格子は多少の歪みでも目立ってしまうので、横桟を入れる、もしくは縦桟を太くしっかりしたものにすることによって、まっすぐに矯正します。横桟を入れる場合は、1200mm以上の間隔を空けないよう入れていきます。現場では一旦仮組みをし、上下枠の下穴に合わせてビス止めを行った後、接着剤と釘を併用して組んでいきます。設置する際は横桟が格子の裏面にくるようにすると良いでしょう。
無垢で作るさまざまな格子
リビングなど家族が集う空間に使用することで、プライベートなスペースを確保しつつもお互いの様子が掴めたり、玄関におくことで来客からの簡単な目隠しや灯り取りになるなど、格子の役割や使われ方はさまざまです。そのため、使うシーンによってふさわしい格子も異なります。役割が違えば形も異なるというわけです。

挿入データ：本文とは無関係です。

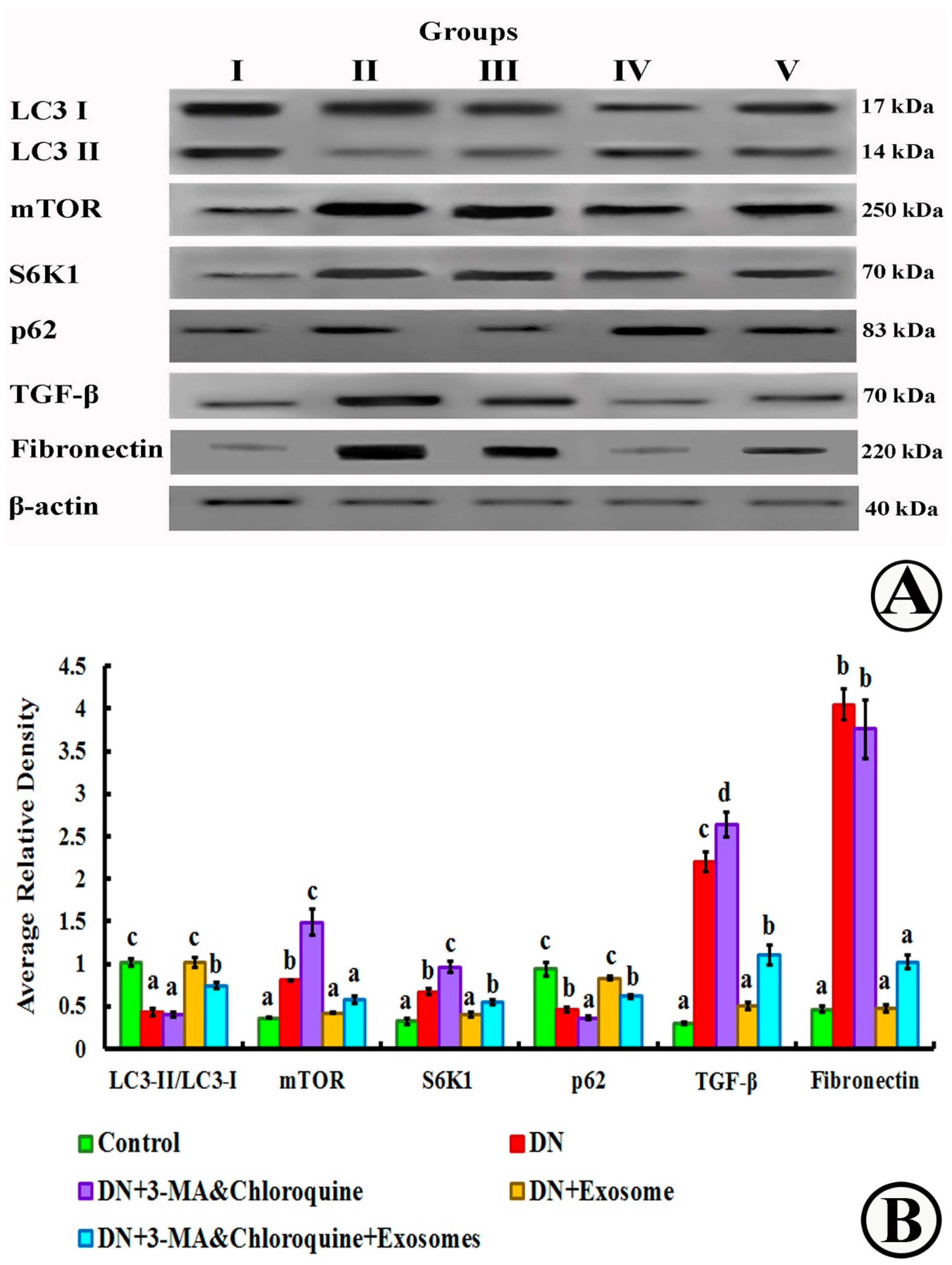 Cells 07 00226 g010 Cells 07 00226 g010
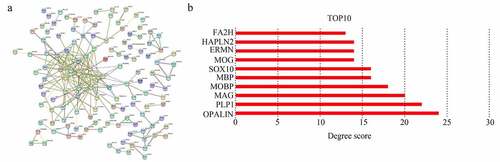 Figure 5. Selecting hub genes in GBM. (a) Module core genes used to construct protein-protein interaction network. Nodes indicate genes, lines indicate interactions. (b) Genes with top 10 degree score are shown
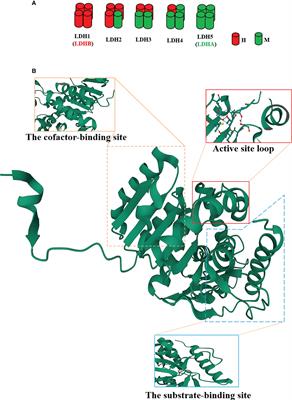 LDHA: The Obstacle to T cell responses against tumor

無垢で作る格子の場合、樹種選びやサイズのカスタマイズにより、場所や目的に合った格子に仕上がります。
ウォールナット Arbor植物オイル仕上げ
階段からLDKにつながるスペースに使用した例。
フローリング、階段、笠木と同じ樹種で統一。
ホワイトアッシュ ウレタンブラック仕上げ
塗装性の良いホワイトアッシュに、ウレタンで黒く着色。
芯材となる集成材柱に無垢材を張って仕上げています。